Eventually they built large shelters we called The Trenches with wooden bunks and we slept all night in them during the Blitz. At first they would hang a wet blanket over the entrance in case of a gas attack and I remember a craze for French knitting, four small nails in a cotton reel that produced a long round tube of wool we made into teapot stands and the like.
Then of course there was the rationing. Dearest to our hearts at that age were chocolate and sweets. We were allowed 2oz a week ably eked out with the likes of the ration Ovaltine and Horlicks tablets. I well remember swopping bits of my Mars bar for a bit of Frys Cream and bits of other chocolate bars, putting them in an Ovaltine tablet tin lid and melting the horrible mess on top of a radiator. When it had cooled down into a solid mass, to me then my chocolate cocktail tasted like heaven.

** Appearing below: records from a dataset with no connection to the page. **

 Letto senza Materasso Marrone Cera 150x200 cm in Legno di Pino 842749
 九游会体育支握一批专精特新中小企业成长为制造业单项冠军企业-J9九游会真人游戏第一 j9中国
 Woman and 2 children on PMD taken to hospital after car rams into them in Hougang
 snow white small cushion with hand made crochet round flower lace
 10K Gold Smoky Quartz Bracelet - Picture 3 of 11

Rationing was no laughing matter and there was a refrain we used to sing when the masters weren’t about:
There is a happy home far far away Where we have bread and scrape three times a day Eggs and bacon never see, nor no sugar in our tea And we are gradually fading away
Then came the ‘Doodlebugs’ or VI rockets. These were pilotless flying bombs that made a droning sound, so you could always tell when one was approaching. The time to watch out was when the engine cut out, with the people underneath praying it was going to miss them.
Memories of Spitfires and ‘Doodlebugs’ came flooding back last autumn when my wife and I visited the Second World War museum at Eden Camp, Malton, North Yorkshire. This is an amazing place, once a prisoner of war camp where the nissen huts have been turned into a museuni of practically every phase of the war. We were greeted by Glen Miller music playing in the NAAFI where wartime posters adorned the walls, – Dig for Victory – and bangers, mash and beans were on the menu.

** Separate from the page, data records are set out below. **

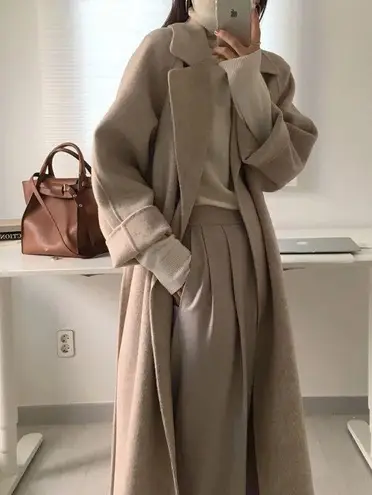 Wool coat long Heather apricot khaki womens winter outerwear Tan Size XXS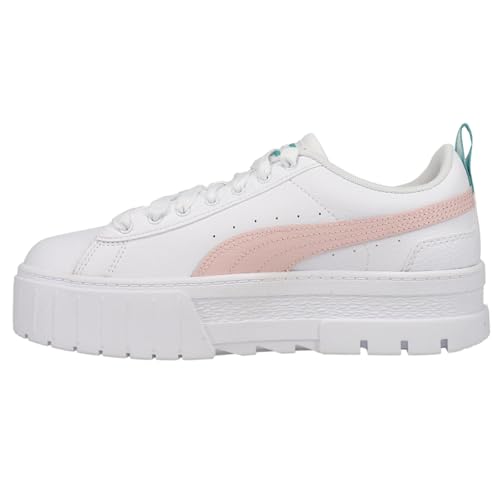 PUMA Girl's Mayze Leather (Big Kid) Puma White/Chalk Pink 4.5 Big Kid M3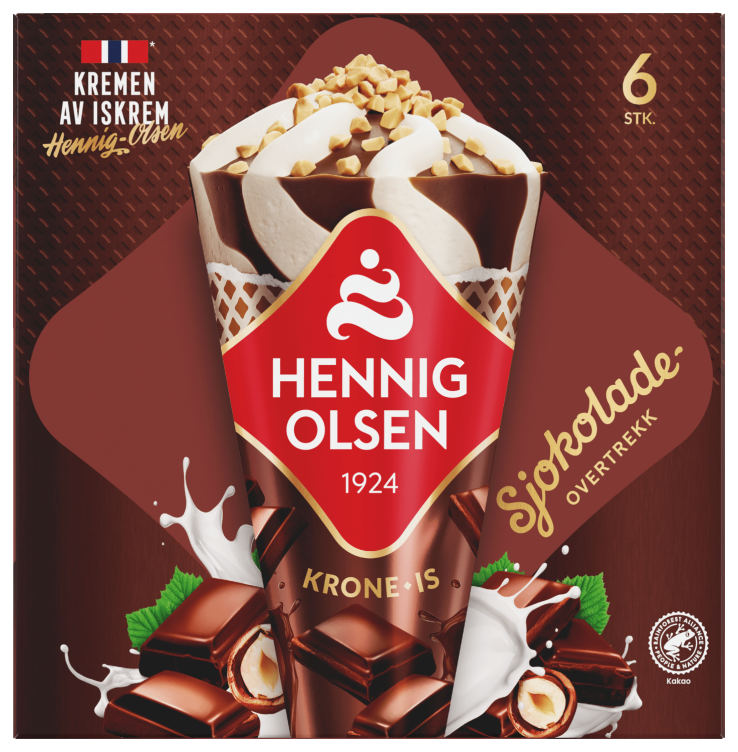 Krone-Is Sjokolade 6stk Hennig-Olsen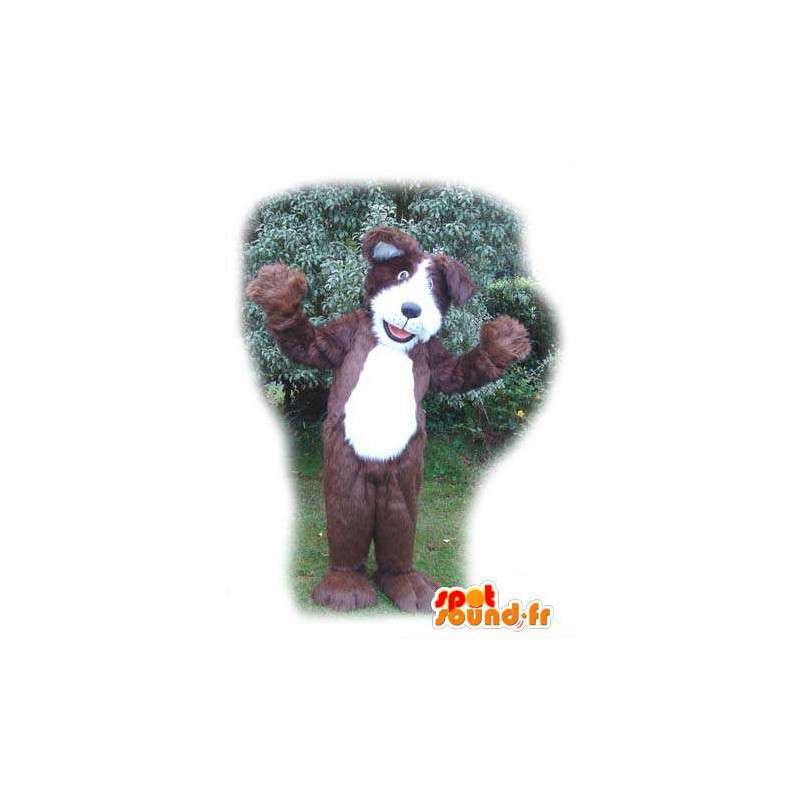Mascotte de chien marron et blanc - Costume de chien en peluche - MASFR003556 - Mascottes de chien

Row upon row of huts depicted the war on land, sea and air, the home front, prefabs and bomb sites with even a waxwork family doing their washing using wash boards and mangles. This was nostalgia par excellence. For instance, Hut 4, Britain Prepares – building air raid shelters; Hut 7, The Street at War; Hut 8, Women at War; Hut 9, Bomber Ops, and so on through a total of 32 huts. Looking in a prefab window I noticed a child’s bedroom at Christmas with all the toys of the period and the thing that really took me back was a half crown Christmas stocking from Woolies hung on the bottom of the bed with a tin whistle, top, puzzle and other 1940s toys.
Yes, this museum has everything – the sights, sounds and even the smells of those war years, including special effects from a smoke machine bringing back the days of the blitz. If you have your own wartime tale to tell you can visit the interview room where you can record your story on video for the benefit of future generations.
On my visit I was walking along one of the paths absorbed in my thoughts when an old familiar sound came to my ears – the high drone of a ‘Doodlebug’. It was an eerie experience. The sound cut out, I rounded a corner, and there was a VI flying bomb crashed into the roof of one the prisoner of war huts.
I sat at a nearby table and shut my eyes and suddenly it was 1944 again.